United States Air Force Brigadier General Jack D. Ripper (Sterling Hayden) is commander of Burpelson Air Force Base, which houses the SAC B-52 airborne alert bomber force just hours from the Soviet border.

  • HELENK2
  • Dave L.

    I seriousley doubt if any country worries about the capabilities of the US anymore, with the asshats we have in charge. With Disneyland on the Potomic running things we are slowly becoming the laughing stock of the world. Thank God, Obama wasn’t president during WW 2, we would all be speaking German or Japanese right now.

    • elizabethrc

      Or, more to Obama’s liking, we wouldn’t be speaking at all.

  • JohnnyTwoDog

    The end game for Iran is total destruction in response for detonating even one strategic nuclear weapon. And, near total destruction by Israel when approaching that threshold.

    It was the end game for Iraq if they had escalated to just chemical weapons.

    Pakistan’s 100 or so nukes and it’s Sunni Taliban are much more real threats than Iran.

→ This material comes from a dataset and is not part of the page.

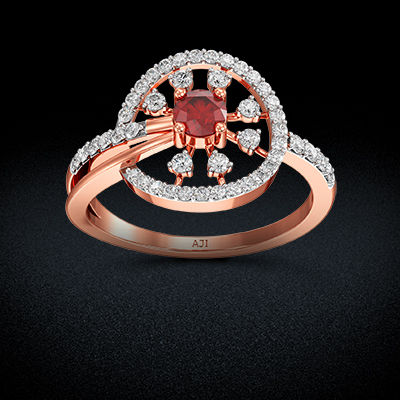 Radiant Red Vintage rosegold Diamond Ring alternate view 2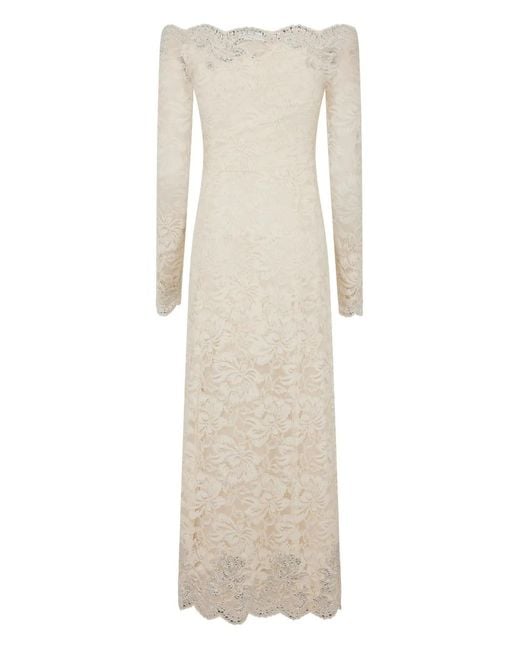 Rabanne Natural Off-Shoulder Lace Midi Dress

But those 100 isolated nukes are only enough for plausible MAD end game with India.

    The only scenario in which Iran holds nuclear strategic power is when they can enlist the MAD of Russia. That is the reason Iran courted Russia to help with nuclear tech.

    If Iran could rely entirely on North Korea, or even Pakistan (wrong religious factor for an Iranian political alliance anyway) for nuke tech, there woulds be no mad factor, and Irans end game would still be total destruction.

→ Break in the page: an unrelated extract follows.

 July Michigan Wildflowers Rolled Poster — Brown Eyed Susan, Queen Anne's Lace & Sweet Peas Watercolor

    Russia is not going to invoke MAD to save Iran’s skin. Russia is reliable to Iran for sabre rattling only. They won’t become a wasteland for the benefit of tyranical Iranian Islam.

    Irans end game is always total destruction. period.

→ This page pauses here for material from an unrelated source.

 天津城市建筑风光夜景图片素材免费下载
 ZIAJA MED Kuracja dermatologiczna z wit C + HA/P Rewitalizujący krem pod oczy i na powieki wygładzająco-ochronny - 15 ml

    Iran evacuating major cities in a bluff? laughable. Fun theater though.

    Iran only strategic nuclear benefit is in having a few nukes it will never use. But even then “I’ll do it, i swear” will become laughable fast.

    Pakistan and India have a mini MAD, but Iran cannot come close to that for many many years if ever.
    The only risk is that Iran can destroy Israel with one or two nukes. But Iran is also destroyed in that Scenario. Iran is destroyed even before that scenario becomes plausible because in addition to nukes Israel has B-A-L-L-S.

  • Popsmoke

    Jeez…

    Are our service academies and institutions turning into day dreaming schools? By the way John… The MAD doctrine never exsisted as part of any military doctrine…

    • Hokma

      That is correct. MAD was purely a political cold war doctrine. I was explaining that to someone just last week.

    • Fred82

      Whatever it was, it sure seems to work.

  • Hokma

    Recents events prove that Israel cannot rely on the U.N., traditional European allies, or even the U.S. with Obama.

    They will take matters into their own hands regarding Iran. They will do whatever it takes to make sure Iran is not nuclear armed if the world fails to do it.